We used a published complex structure (PDB: 3QXV) to design a favourable small-compound synthetic nanobody library. PDB: 3QXV is a complex structure combining a llama nanobody and the small compound MTX. This structure is shown in Fig. 2A. The key amino acids of nanobodies that interacted with MTX were V2 and L4 of the N-terminus FR and R27, S29, R35, and W37 of CDR1. One crucial interaction was directed by CDR1, whereas the other two crucial interaction points were Y117 of CDR3 and Y85 of nonhypervariable CDR4. During interaction, the amino acids surrounded MTX, forming a glove-like structure that, in the opinion of us, was suitable for binding small molecules. That is, the nanobody interaction site that resembled a glove could stably catch small molecules (represented as balls).

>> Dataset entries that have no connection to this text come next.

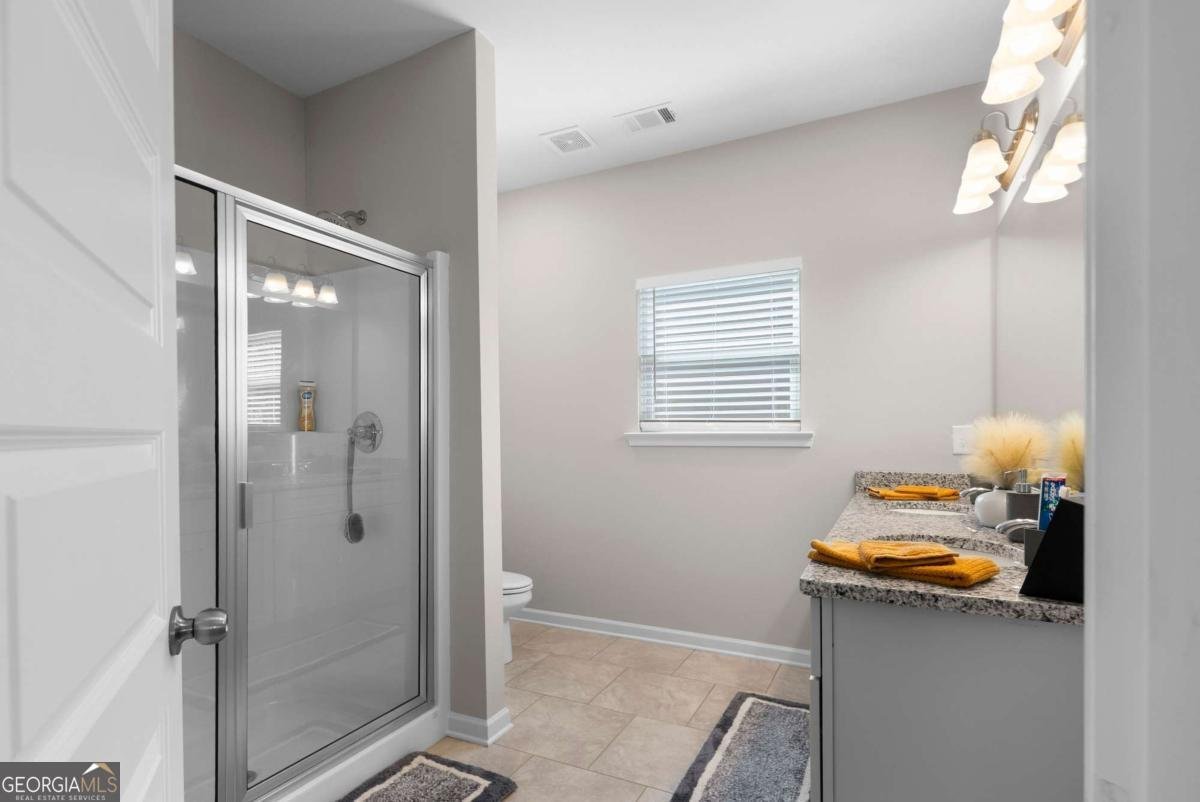 224 Eva Way Cartersville - 23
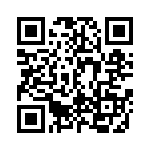 ED590-6-DS QRCode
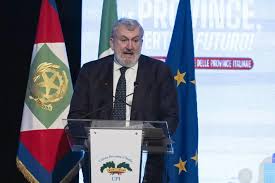 Trend Google: antonio decaro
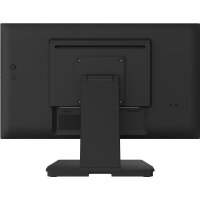 Iiyama ProLite 21.5" (54.5 cm) PCAP 10-Punkt...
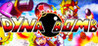Dyna Bomb Image
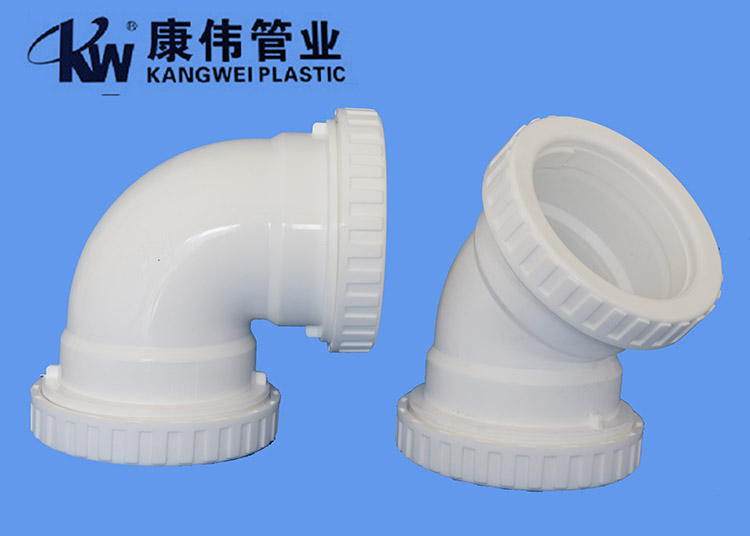 HDPE虹吸（xī）雨（yǔ）水排水管材管件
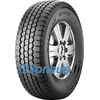 Image de Pneus d'hiver Bridgestone Blizzak W800 ( 185 R14C 102/100R 8PR )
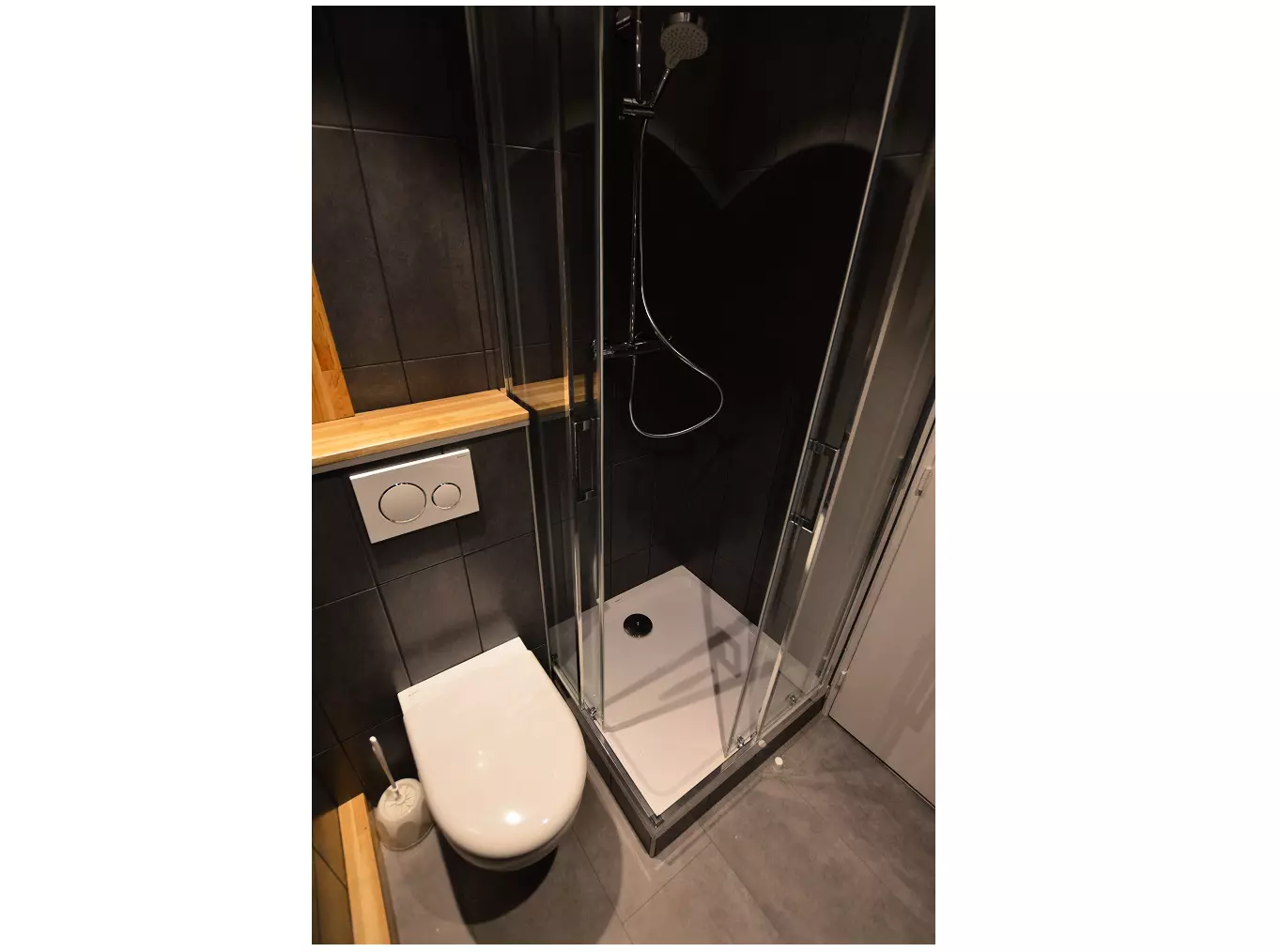 Residentie Quartier Falaise - maeva Home - Avoriaz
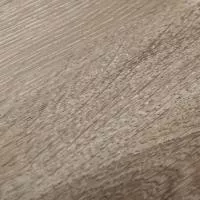 Ламинат New Home Гановер LNH 4-8 Дуб Тигровый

Therefore, using primers, we mutated the amino acids at the aforementioned positions (NNK codon) to construct the SynaGG library; the locations of these mutations in the library are shown in Fig. 2B. Next, Fig. 2B presents the amino acid numbering of the nanobody template defined on the IMGT scheme and the number corresponding to PDB. After transforming the constructed library DNA into E. coli ER2738, we calculated the library complexity as 8.3 × 10.⁹ To confirm the quality of the SynaGG library, 250 sequences in the library were randomly selected for sequencing. It was found that 238/250 (95.2%) of the sequences were in frame for the complete inserted nanobody gene. The 58 sequences with complete NNK substitution on 8 positions after the exclusion of NNK partial replacement sequences (parent template with TAA codons in the mutagenesis positions) are shown in Supplementary Fig. S1 to illustrate the diversity of the library. These results support the feasibility of using the SynaGG library for panning.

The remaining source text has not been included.